Resistive switching behavior and bandgap analysis of two-dimensional HfS2 via density functional theory simulations

Abstract

Silicon-based memory and semiconductor technologies have recently approached their physical and spatial limits, making further advancements challenging. One promising solution to overcome this challenge is the exploration of transition metal dichalcogenides (TMDCs) for resistive random-access memory (RRAM) based on non-volatile memory and conductive filament mechanisms. Among the various TMDC materials, HfS2 has demonstrated significant potential for high-performance electronic devices.
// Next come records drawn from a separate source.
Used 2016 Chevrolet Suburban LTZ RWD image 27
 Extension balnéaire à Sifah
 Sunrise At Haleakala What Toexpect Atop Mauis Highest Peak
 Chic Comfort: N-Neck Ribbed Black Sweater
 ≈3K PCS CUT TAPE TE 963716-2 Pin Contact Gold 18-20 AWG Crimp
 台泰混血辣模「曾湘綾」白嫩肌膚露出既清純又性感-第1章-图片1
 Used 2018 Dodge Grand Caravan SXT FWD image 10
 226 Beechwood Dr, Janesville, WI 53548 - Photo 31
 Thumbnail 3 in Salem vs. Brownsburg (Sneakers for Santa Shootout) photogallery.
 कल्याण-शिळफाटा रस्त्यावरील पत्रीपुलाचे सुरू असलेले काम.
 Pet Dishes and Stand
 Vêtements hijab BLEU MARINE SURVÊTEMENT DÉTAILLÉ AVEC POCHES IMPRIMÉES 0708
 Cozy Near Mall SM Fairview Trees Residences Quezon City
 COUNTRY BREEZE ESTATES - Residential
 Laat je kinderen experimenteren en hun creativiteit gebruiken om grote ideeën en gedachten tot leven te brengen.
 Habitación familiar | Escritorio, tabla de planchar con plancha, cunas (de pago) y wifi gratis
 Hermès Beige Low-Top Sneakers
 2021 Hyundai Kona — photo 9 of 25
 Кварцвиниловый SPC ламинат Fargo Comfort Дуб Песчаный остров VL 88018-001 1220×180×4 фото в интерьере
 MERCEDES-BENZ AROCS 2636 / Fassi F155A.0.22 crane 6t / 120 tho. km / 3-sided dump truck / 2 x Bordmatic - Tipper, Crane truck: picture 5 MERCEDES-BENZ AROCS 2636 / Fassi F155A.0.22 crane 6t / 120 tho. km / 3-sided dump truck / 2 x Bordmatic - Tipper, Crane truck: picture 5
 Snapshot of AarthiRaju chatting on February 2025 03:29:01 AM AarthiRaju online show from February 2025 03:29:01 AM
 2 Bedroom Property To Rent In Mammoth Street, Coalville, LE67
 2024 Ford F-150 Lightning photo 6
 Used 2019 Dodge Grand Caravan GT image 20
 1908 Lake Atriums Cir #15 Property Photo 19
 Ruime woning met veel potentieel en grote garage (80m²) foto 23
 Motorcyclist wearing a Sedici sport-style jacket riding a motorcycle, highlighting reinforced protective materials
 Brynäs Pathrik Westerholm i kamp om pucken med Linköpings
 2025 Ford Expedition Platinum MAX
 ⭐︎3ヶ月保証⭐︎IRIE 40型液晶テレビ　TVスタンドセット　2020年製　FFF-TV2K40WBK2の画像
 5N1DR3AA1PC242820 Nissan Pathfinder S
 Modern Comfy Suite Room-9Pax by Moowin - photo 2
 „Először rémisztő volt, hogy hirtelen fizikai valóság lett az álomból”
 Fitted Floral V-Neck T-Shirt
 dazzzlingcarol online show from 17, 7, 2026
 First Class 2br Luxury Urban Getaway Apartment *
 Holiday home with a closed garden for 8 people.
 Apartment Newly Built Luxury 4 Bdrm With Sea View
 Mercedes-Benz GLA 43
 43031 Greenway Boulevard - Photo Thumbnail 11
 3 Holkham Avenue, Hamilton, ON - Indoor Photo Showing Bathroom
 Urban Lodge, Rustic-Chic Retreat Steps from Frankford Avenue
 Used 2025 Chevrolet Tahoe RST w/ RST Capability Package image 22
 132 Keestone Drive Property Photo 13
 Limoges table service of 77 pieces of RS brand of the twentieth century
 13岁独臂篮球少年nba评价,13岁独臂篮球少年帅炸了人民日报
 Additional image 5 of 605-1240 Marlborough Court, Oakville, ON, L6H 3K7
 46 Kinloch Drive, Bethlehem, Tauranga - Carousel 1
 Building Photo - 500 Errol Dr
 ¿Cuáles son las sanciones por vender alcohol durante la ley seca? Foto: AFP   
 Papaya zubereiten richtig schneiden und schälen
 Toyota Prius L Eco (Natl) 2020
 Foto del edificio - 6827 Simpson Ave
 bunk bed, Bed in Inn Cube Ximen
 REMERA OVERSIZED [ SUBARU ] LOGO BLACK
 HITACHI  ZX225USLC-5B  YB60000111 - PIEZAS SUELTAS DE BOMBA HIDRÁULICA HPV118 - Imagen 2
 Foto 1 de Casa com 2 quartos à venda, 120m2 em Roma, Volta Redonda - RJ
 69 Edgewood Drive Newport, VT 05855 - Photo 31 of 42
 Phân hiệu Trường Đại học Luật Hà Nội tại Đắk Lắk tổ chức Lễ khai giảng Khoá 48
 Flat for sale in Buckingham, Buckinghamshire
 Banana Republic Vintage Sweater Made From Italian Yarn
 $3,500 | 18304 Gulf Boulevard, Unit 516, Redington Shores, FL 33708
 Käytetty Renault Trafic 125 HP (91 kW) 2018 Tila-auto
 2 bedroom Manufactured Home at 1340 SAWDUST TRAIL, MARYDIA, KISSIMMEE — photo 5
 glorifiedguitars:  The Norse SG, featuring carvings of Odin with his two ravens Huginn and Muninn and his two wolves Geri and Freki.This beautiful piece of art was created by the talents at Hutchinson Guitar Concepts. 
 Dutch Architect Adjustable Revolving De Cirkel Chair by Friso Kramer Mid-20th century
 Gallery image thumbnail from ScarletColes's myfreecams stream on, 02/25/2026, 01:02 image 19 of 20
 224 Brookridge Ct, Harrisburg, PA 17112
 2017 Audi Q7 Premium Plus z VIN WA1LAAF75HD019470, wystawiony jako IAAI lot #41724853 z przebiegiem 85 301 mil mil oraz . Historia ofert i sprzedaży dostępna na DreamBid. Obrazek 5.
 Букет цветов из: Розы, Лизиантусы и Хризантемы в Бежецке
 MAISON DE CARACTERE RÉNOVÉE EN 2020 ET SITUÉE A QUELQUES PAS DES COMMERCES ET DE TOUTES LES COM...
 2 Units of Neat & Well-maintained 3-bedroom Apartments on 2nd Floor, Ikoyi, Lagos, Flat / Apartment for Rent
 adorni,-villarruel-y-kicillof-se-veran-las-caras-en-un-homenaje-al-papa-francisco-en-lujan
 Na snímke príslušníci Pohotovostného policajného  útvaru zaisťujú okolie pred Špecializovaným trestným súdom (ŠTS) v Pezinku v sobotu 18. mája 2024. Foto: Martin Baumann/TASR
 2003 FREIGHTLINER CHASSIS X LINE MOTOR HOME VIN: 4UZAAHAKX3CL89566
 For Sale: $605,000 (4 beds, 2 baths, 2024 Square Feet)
In particular, HfS2 has been used in resistive switching and field-effect transistor (FET) devices owing to its exceptionally high electron mobility, ON/ OFF ratio, and appropriate bandgap at room temperature. This study performed simulations based on density functional theory (DFT) to calculate the S vacancy formation energy, bandgap, and density of states required for using two-dimensional (2D) HfS2 as a resistive switching device. During the transition to the SET state, a conductive filament was assumed to form owing to vacancies created by removing sulfur atoms. Conversely, during the transition to the RESET state, these vacancies are refilled, restoring the atomic structure. When seven sulfur atoms were removed, the bandgap became zero. When the sulfur atoms were restored, the atomic structure and bandgap reverted to their initial states. This indicates a SET/RESET process, highlighting the potential of HfS2 for application in resistive switching devices. This study provides insights into developing energy-efficient, scalable, and high-performance memory devices critical for future computing needs.